Quise ponerme de rodillas y pedirle perdón, pero desapareció, tal como lo hacía en vida, en un remolino de furia, con la urgencia de quien no tiene en cuenta la opinión de nadie. Al día siguiente le conté a otra borracha mi sueño. Ella hizo un gesto de desdén con la mano y me dijo: «No la escuches. Mi madre también solía atormentarme en sueños. Yo no creo en nadie, ni en los muertos. Todo el mundo intenta aprovecharse de ti. Yo no volvería a mi pueblo por nada del mundo. Para mí, mi cuerpo no vale nada en absoluto. Si alguien quiere acostarse conmigo, le dejo. Así los dos estamos más calentitos».

De esta forma iban pasando los días, sin ver el final. En el restaurante, no sé por qué, me despidieron. Ahora no tenía ni un centavo, y robaba lo que tuviera a mano. Más de una vez me sorprendieron, y más de una vez me pegaron, pero yo no lloraba ni imploraba compasión. Solo apretaba los dientes.

Las promesas que me hacían los chicos fueron mentira. Durante el otoño me sobaron todo el cuerpo, pero cuando el frío del invierno se hizo más glacial, desaparecieron dejándome con los enfermos y los viejos. La gente vieja sabe cuándo se acerca el fin, y se acurrucan en una esquina para esperarlo en silencio. Se dice que morir de frío no duele, pero yo he visto con mis propios ojos cómo la gente se retuerce bajo las quemaduras del frío y gime de dolor. ¿Quién les escucha en el ajetreo de una estación de tren? Cada uno va a lo suyo. Durante aquel invierno, maldije a mi padre por no haberme dado ni un centavo para mantenerme.
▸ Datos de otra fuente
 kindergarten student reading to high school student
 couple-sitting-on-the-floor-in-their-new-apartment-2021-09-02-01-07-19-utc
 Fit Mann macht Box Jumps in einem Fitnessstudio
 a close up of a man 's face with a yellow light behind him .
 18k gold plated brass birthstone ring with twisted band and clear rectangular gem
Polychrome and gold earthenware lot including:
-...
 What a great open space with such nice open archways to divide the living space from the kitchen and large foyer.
Pero no hay oscuridad absoluta, aunque a veces lo parezca. Mientras estaba allí, abandonada en aquella bulliciosa estación, una mujer baja se me acercó y me dijo sin más: «¿Quieres trabajar para mí?». No sé qué aspecto tiene un ángel de Dios, pero aquella voz me sonó como venida de las alturas. Mirándola de cerca, me di cuenta de que su rostro, envuelto en un chal, no era suave. Tenía cierta severidad coagulada en los ojos. A mí no me gusta la gente baja: siempre me provocan cierto desasosiego y sentido de culpa. «Pero si alguien se ofrece a resguardarte del frío, debes quererle», me dije, y fui tras ella.

—¿De dónde eres? —me preguntó.

Se lo dije.

—¿Y alguna vez has visto judíos?

—A veces —sonreí.

—Yo soy judía. ¿Te doy miedo?

—No.

—Pero, antes de nada, debes tomar un baño.
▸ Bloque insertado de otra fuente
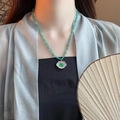 Detail of emerald green beaded necklace with floral pendant on a silk fabric background - Style 13 Necklace - Green Safety Lock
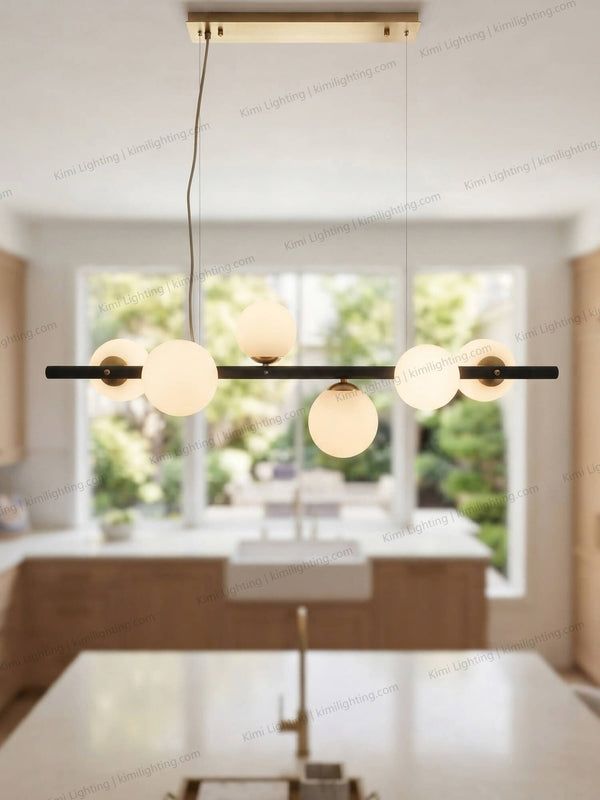Modern glass pendant light creates luxury kitchen island lighting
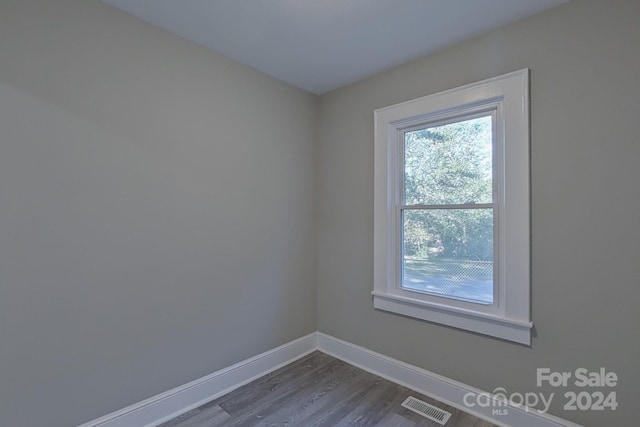 spare room with hardwood / wood-style floors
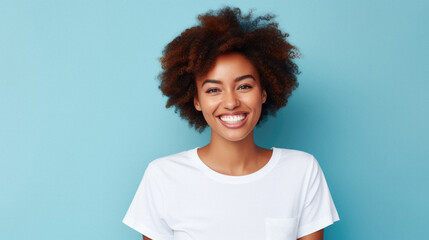 Young happy smiling African American woman model wearing tshirt standing on color background. Face skin hair care cosmetics makeup, fashion ads. Beauty portrait. White t-shirt mock up template . - obrazy, fototapety, plakaty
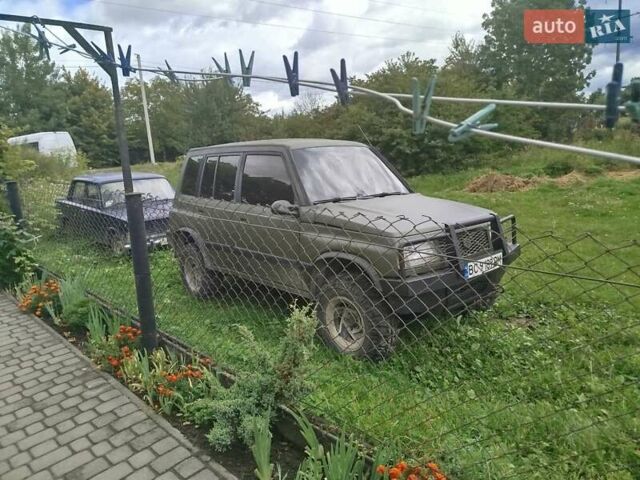 Зеленый Сузуки Sidekick, объемом двигателя 1.59 л и пробегом 154 тыс. км за 4100 $, фото 1 на Automoto.ua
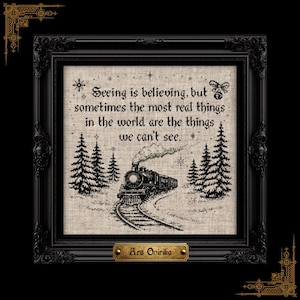 May include: A framed cross-stitch embroidery on light beige fabric featuring a black steam train traveling through a snowy forest. The text reads: Seeing is believing, but sometimes the most real things in the world are the things we can't see.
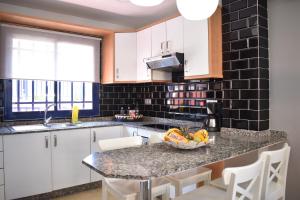a kitchen with white cabinets and a granite counter top at TC Tríplex Bahía Meloneras in Meloneras
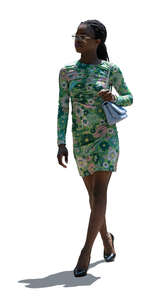 backlit black woman in a mini dress walking
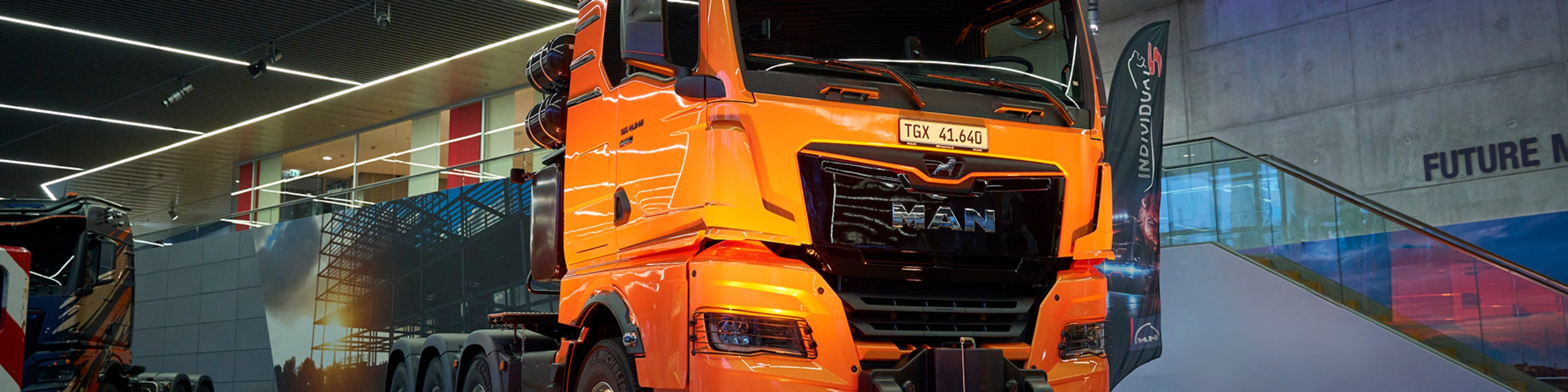Orange MAN TGX 41.640 truck displayed at an indoor exhibition.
Hacía meses que mi cuerpo no veía el agua. Mi ropa estaba empapada de olor a moho, vodka y tabaco; uno se acostumbra a la mugre y deja de notarla. En aquel momento, allí desnuda, el miedo me recorrió todo el cuerpo y me hizo estremecer. Por todas partes aparecían judíos que se quedaban junto a mí, todos con el mismo aspecto: un hombre flaco con una espada desenvainada en la mano. Yo caí de rodillas y me persigné. Mis pecados habían llegado a lo alto, y ahora estaba a punto de pagar por ellos.
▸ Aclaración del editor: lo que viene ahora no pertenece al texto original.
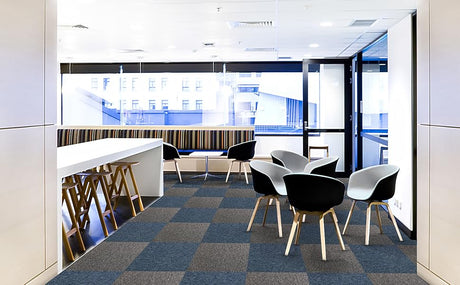 Modern office space featuring gray and blue carpet tiles, sleek white furniture, and stylish black and white chairs with wooden legs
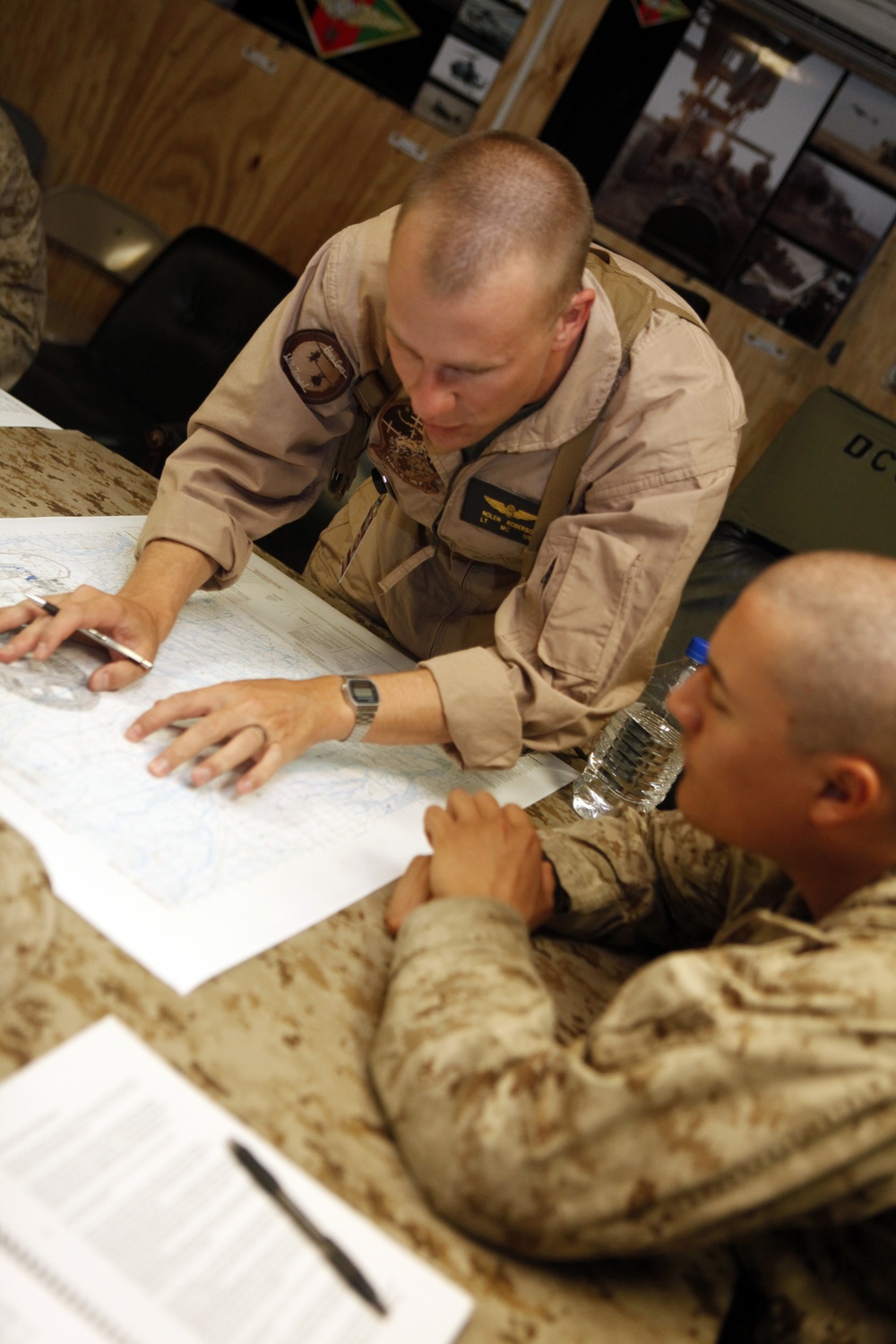 U.S. Navy Sailors work towards their Fleet Marine Force badge with the help of U.S. Marines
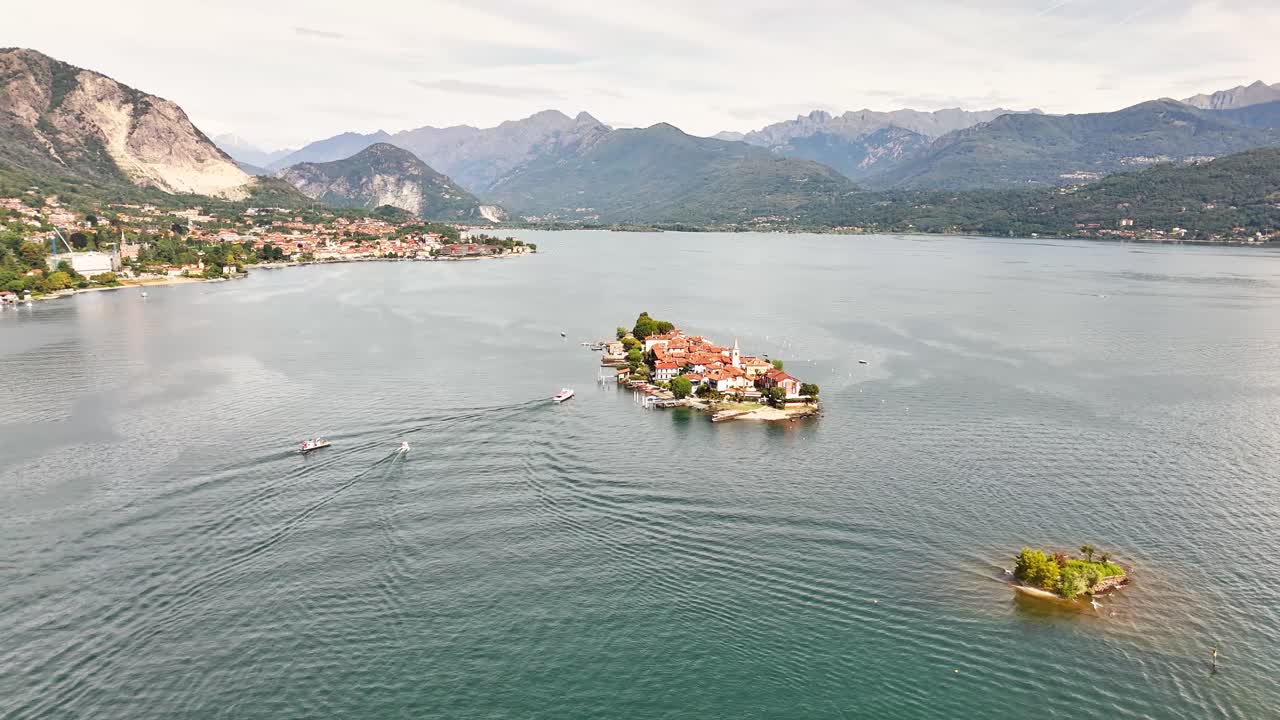 Aerial view showing Isola Bella with its baroque palace , also showing the surrounding lake, mountains, and coastal Italian towns in the distance, Stresa, VB, Piedmont, northern western Italy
Aquella noche me acordé de los judíos que solían vagar por nuestro pueblo, dando brincos entre los árboles y por los patios de las casas, o junto a sus puestos improvisados, demonios vivientes, demonios que hablaban, y me acordé de los paisanos que aparecían y hacían restallar el látigo sobre ellos. Entonces, no sé por qué, me pareció que eran más ligeros, que podían saltar sobre las zanjas y por encima de las vallas; parecía que les hubieran quitado su peso terrenal. «No se les puede derrotar», oí que decía María, riéndose, «el cuerpo de un demonio no siente el dolor». Los paisanos seguían dándoles latigazos, y la risa de María, su risa franca, era engullida por el chasquido de los látigos. Me desperté.